Les chefs des groupes parlementaires du Sénat ont décidé d'entamer la discussion mercredi dès 9h30 (8h30 GMT), afin de procéder au vote de confiance à partir de 13h30 (12h30 GMT) environ.

Le chef de l'Etat pourrait entamer des consultations pour déterminer la voie à suivre, dès jeudi 8 ou vendredi 9 décembre.

Mais sans attendre ce délai, les forces politiques fourbissent déjà leur armes.

A l'exception de Mario Monti, ancien chef du gouvernement et sénateur à vie, toute la classe politique est, officiellement, favorable à des élections anticipées, après le camouflet subi par M. Renzi.

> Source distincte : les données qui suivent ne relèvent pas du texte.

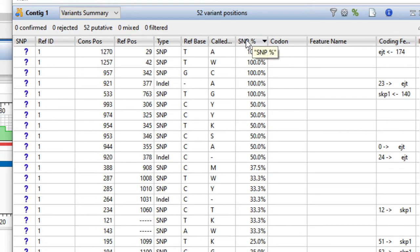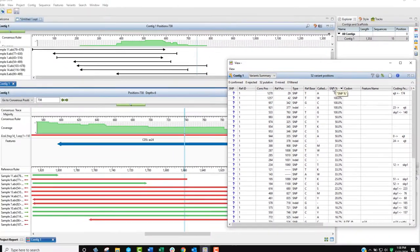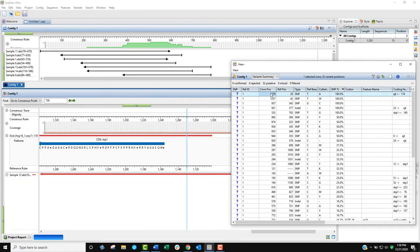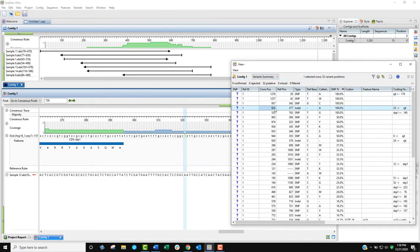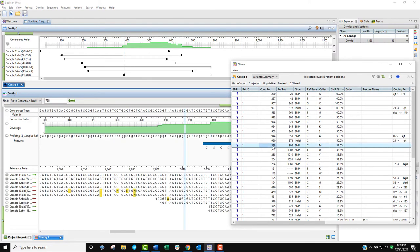Selecting any variant in the table will cause the alignment and strategy views to jump to that position. This allows the variant to be viewed in context.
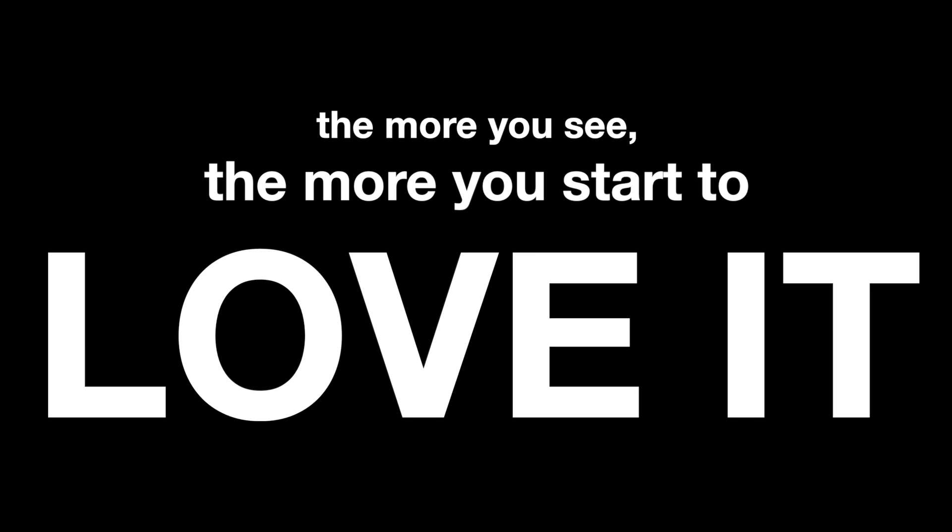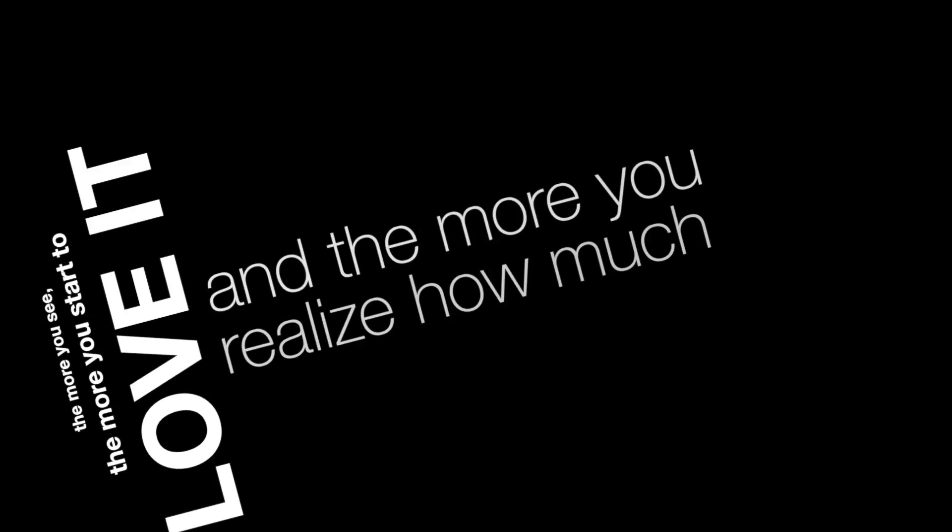And as you said before, the more you see, the more you start to love it and the more you realize how much value there is in this world.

Ce dernier s'est d'ailleurs bien gardé de renoncer à son poste de secrétaire-général du Parti démocrate (PD, centre-gauche). Une explication est prévue mercredi matin au sein du parti, que la campagne du référendum a profondément divisé.

Des figures du PD qui avaient appelé à voter non, essentiellement des "frondeurs" de la gauche du parti, relèvent la tête et n'entendent pas se laisser dicter leur conduite par un Matteo Renzi affaibli.

Mais les partisans de Matteo Renzi ne baissent pas les bras. Son bras droit, Luca Lotti, a posé lundi les termes du débat: "On a gagné avec 40% (aux élections européennes de juin 2014), on repart avec les 40%" de oui au référendum.